- [Data supplied]
┄┄┄┄┄┄┄┄┄┄

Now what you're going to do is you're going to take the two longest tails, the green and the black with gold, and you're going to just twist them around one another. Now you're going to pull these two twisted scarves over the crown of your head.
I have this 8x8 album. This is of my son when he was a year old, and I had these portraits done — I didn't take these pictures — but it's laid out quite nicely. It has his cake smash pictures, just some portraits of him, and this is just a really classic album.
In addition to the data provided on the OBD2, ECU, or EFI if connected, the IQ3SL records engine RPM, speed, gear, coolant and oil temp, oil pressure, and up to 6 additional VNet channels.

┄┄┄┄┄┄┄┄┄┄

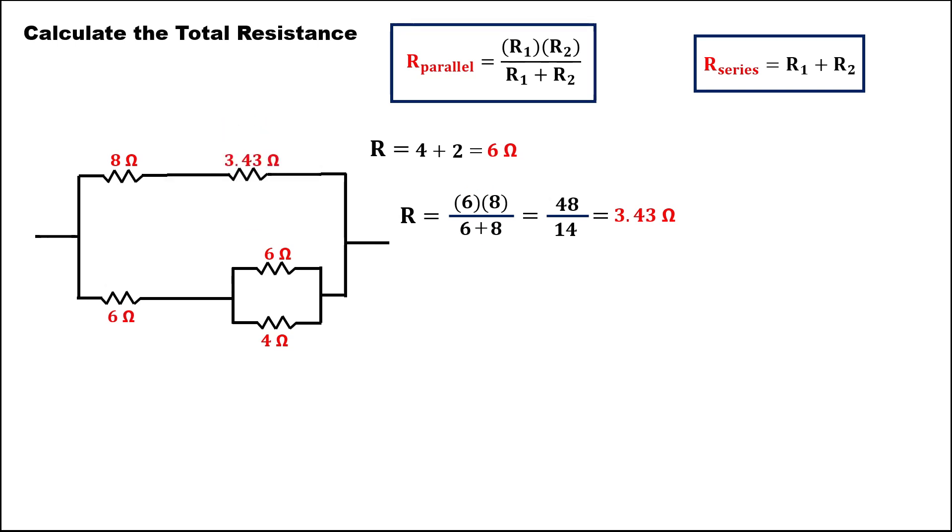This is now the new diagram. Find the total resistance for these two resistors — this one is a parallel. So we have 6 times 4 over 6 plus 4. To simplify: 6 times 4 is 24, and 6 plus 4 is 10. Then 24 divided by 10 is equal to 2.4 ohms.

┄┄┄┄┄┄┄┄┄┄

Reproduce only the lines above, starting at the line with "I have this" and ending at the line with "In addition to", exactly as written.

I have this 8x8 album. This is of my son when he was a year old, and I had these portraits done — I didn't take these pictures — but it's laid out quite nicely. It has his cake smash pictures, just some portraits of him, and this is just a really classic album.
In addition to the data provided on the OBD2, ECU, or EFI if connected, the IQ3SL records engine RPM, speed, gear, coolant and oil temp, oil pressure, and up to 6 additional VNet channels.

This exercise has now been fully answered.